We are given that \(\lim_{x \rightarrow a^{-}} f(x) = L\) and \(\lim_{x \rightarrow a^{+}} f(x) = L\). We need to show that \(\lim_{x \rightarrow a} f(x) = L\). To prove this, let's consider any sequence \((x_n)\) converging to \(a\). Since the left-hand limit exists, for any subsequence \((x_n')\) of \((x_n)\) where \(x_n' < a\), we have \(\lim_{n\rightarrow\infty} f(x_n') = L\).
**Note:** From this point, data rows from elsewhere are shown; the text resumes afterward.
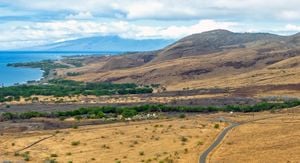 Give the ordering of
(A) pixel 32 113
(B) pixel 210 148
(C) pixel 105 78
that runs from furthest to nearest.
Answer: (C) pixel 105 78 < (A) pixel 32 113 < (B) pixel 210 148

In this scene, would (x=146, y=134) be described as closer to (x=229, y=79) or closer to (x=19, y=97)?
(x=19, y=97)

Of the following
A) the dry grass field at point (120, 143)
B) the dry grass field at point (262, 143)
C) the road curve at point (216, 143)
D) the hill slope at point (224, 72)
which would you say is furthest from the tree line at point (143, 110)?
the hill slope at point (224, 72)

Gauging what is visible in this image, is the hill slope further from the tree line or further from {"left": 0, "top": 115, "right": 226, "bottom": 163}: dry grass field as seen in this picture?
{"left": 0, "top": 115, "right": 226, "bottom": 163}: dry grass field

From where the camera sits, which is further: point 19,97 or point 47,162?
point 19,97

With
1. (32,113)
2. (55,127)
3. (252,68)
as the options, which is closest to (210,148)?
(55,127)

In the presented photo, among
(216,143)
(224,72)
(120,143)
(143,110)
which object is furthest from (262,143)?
(224,72)

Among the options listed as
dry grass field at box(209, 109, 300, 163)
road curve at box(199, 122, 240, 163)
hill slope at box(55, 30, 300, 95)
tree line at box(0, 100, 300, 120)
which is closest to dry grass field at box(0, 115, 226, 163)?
road curve at box(199, 122, 240, 163)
Similarly, since the right-hand limit exists, for any subsequence \((x_n'')\) of \((x_n)\) where \(x_n'' > a\), we have \(\lim_{n\rightarrow\infty} f(x_n'') = L\). Since for any sequence \((x_n)\) converging to \(a\), we can always find subsequences \((x_n')\) and \((x_n'')\) such that they satisfy the above conditions, we have \(\lim_{x \rightarrow a} f(x) = L\). This proves statement a. #Statement b#

We are given that \(\lim_{x \rightarrow a} f(x) = L\). We need to show that \(\lim_{x \rightarrow a^{-}} f(x) = L\) and \(\lim_{x \rightarrow a^{+}} f(x)=L\). Let's first prove the left-hand limit: We need to show that for any sequence \((x_n)\) where \(x_n < a\) and converging to \(a\), \(\lim_{n\rightarrow\infty} f(x_n) = L\). Since \(\lim_{x\rightarrow a}f(x)=L\), for the sequence \((x_n)\) converging to \(a\), \(\lim_{n\rightarrow\infty} f(x_n) = L\). So, \(\lim_{x \rightarrow a^{-}} f(x) = L\). Now let's prove the right-hand limit: We need to show that for any sequence \((x_n)\) where \(x_n > a\) and converging to \(a\), \(\lim_{n\rightarrow\infty} f(x_n) = L\). Since \(\lim_{x\rightarrow a}f(x)=L\), for the sequence \((x_n)\) converging to \(a\), \(\lim_{n\rightarrow\infty} f(x_n) = L\). So, \(\lim_{x \rightarrow a^{+}} f(x) = L\). This proves statement b and completes the solution.